Organized at IFAD’s headquarters in Rome, and live streamed globally through the Fund’s corporate broadcast channels, the hybrid event saw the participation of over 160 attendants, including delegates and high-level representatives of the Executive Board, as well as a host of development partners, counterparts, stakeholders, and IFAD senior management and staff. Renata Mirulla [here], Facilitator of the EvalForward community of practice, moderated the session.
“Whilst the field of evaluation produces high quality information on what works and what does not, it’s full potential is not realized. It tends to get locked into the discussion on methodology and on whether the results are true or not. There should be less attention given to evaluation results, and more given to the challenges being found and how these can be addressed. The focus needs to move beyond the report, look at the process and understand what are the implications of the findings in order to better serve the people out there. Applying social neuroscience principles will help us get there”, affirmed Dr Naidoo.
In the context of the United Nations, the Secretary-General recently urged all agencies, programmes and funds to explore and apply behavioural science in programmatic and administrative areas.
“Behavioural science is a critical tool for the UN to progress on its mandate. It can contribute to combating poverty, improving public health and safety, promoting gender equality, strengthening peacebuilding and all the SDGs”, stated António Guterres, UN Secretary-General, in an official guidance note.
In a similar vein, Dr Naidoo and Dr Srini Pillay believe that the time has come to apply neuroscience principles to the field of evaluation – with a view to transform the discipline and yield unprecedented results. Moreover, these principles are already being used to great effect in the fields of crime, justice, security, child development, education, mediation, health, and social well-being and social cohesion.

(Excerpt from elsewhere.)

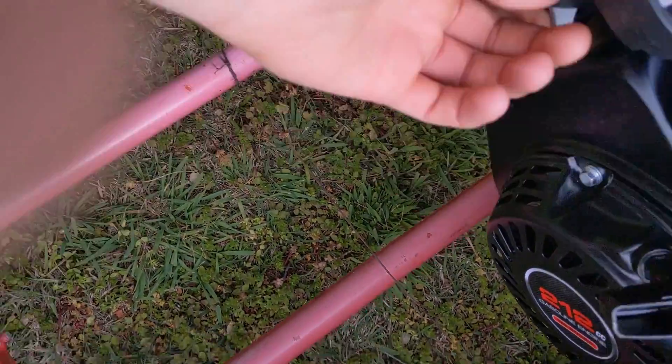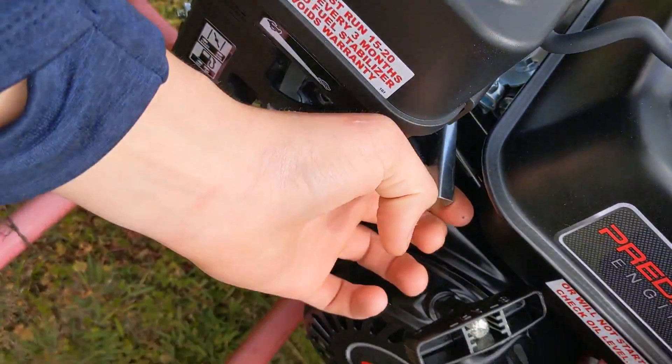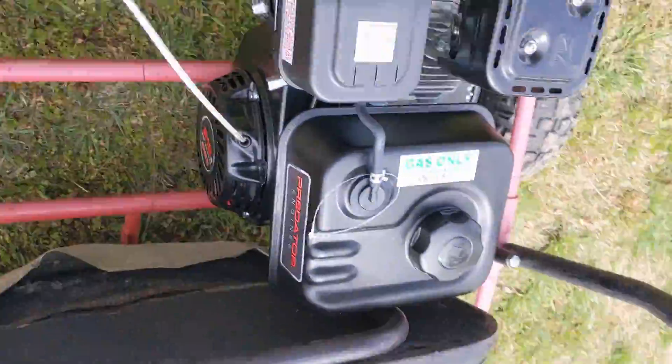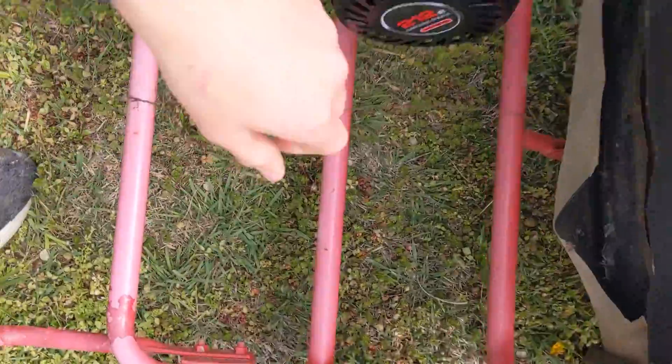Alright boys, here we go. Fuel on — boom. Choke, a little bit on — boom. Throttle on — boom. Ignition on — boom. Let's go! Let's go!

“Within organizations, 70% of change initiatives fail. Part of the reason for this is that when there is any kind of change, it activates the conflict centre of the brain. What we know is that organizations that develop initiatives to change mindsets, as IFAD is doing right now, are two times more likely to be effective. In addition, if you are aligned in your aspirations, you are 4.4 more times likely to be effective”, highlighted Dr Pillay.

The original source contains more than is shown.